When you're having a crap time, whether it be physically or emotionally, it is your inner self saying Helloooo you're not happy inside. Something needs to CHANGE.

Your life needs looking at. Maybe just poor food choices, activities we're doing or things we're saying. Or maybe you're in an unbalanced relationship, dead-end job and abusing substances... lions and tigers and bears, oh my!

It's this beautiful internal guidance system we're born with. However from the get-go society teaches us to do any number of things when we get signals ... ignore, mask, suppress ... to name a few.

My latest analogy supporting the view of we're Light Beings having a Human Experience involves the board game Clue which I played as a kid.
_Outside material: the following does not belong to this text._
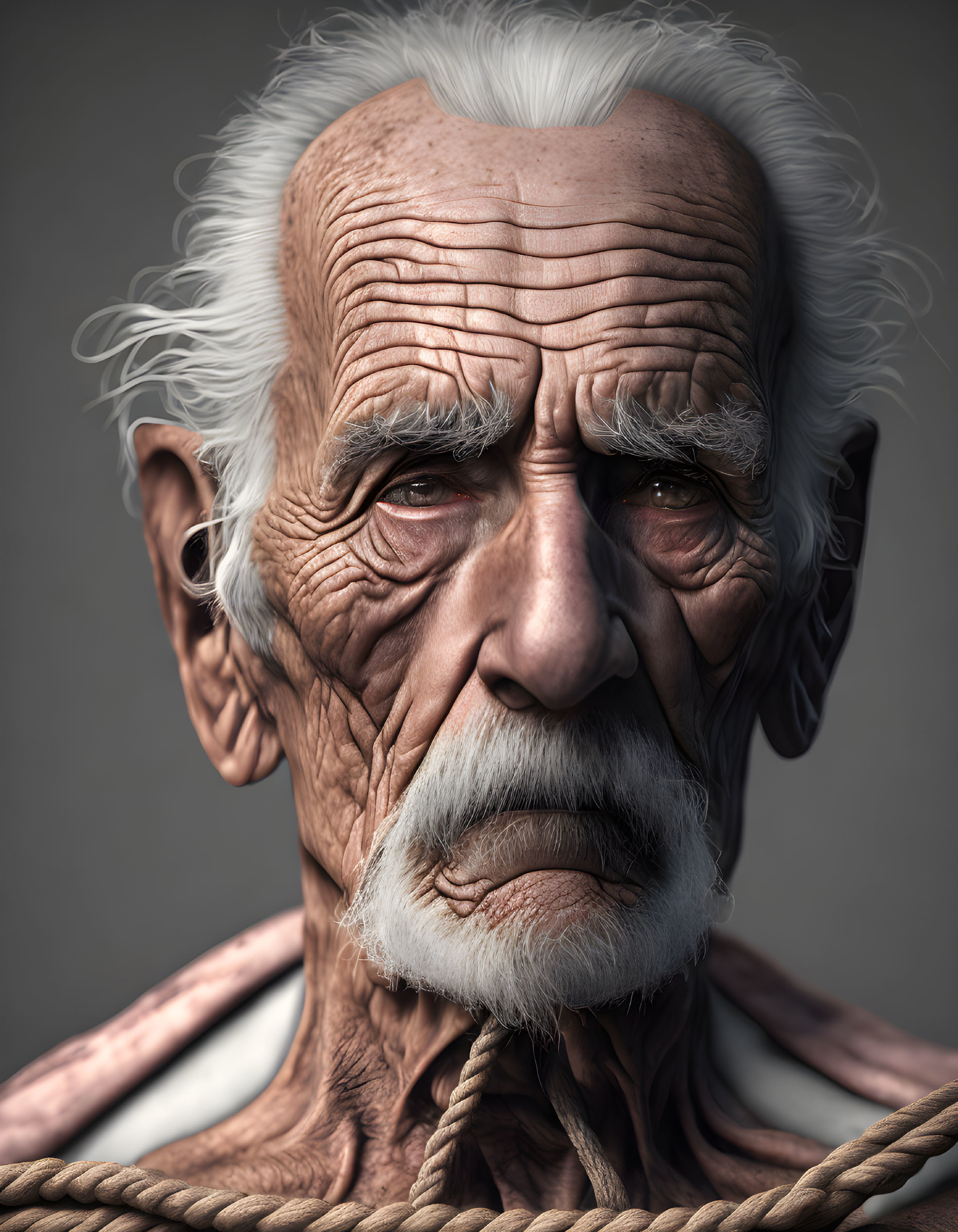 Detailed Portrait of Elderly Man with Deep Wrinkles and Intense Eyes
You pick a character ... Colonel Mustard, Mrs. Peacock, Mr. Green, Professor Plum, Miss Scarlet my personal favourite ... should I be surprised?  The game unfolds as the characters move about the board in search of clues eventually exposing all. Sounds a little familiar doesn't it?  Yep, it's an incredibly complex game we're playing here on Earth, that is all too real with pretty high stakes. And we have the opportunity to play with excitement, delight and joy.

The sooner one develops the ability to view and understand Life and Living from a different perspective, the easier this existence can be. We flow from experience to experience allowing the natural order of life to take place with the Serenity Prayer in our pocket.
Universe, grant me the serenity to accept the things I cannot change, the courage to change the things I can, and the wisdom to know the difference.
Sometimes I wish I learned this concept earlier on in life. Then I giggle ... Silly human, figuring it out is the Journey.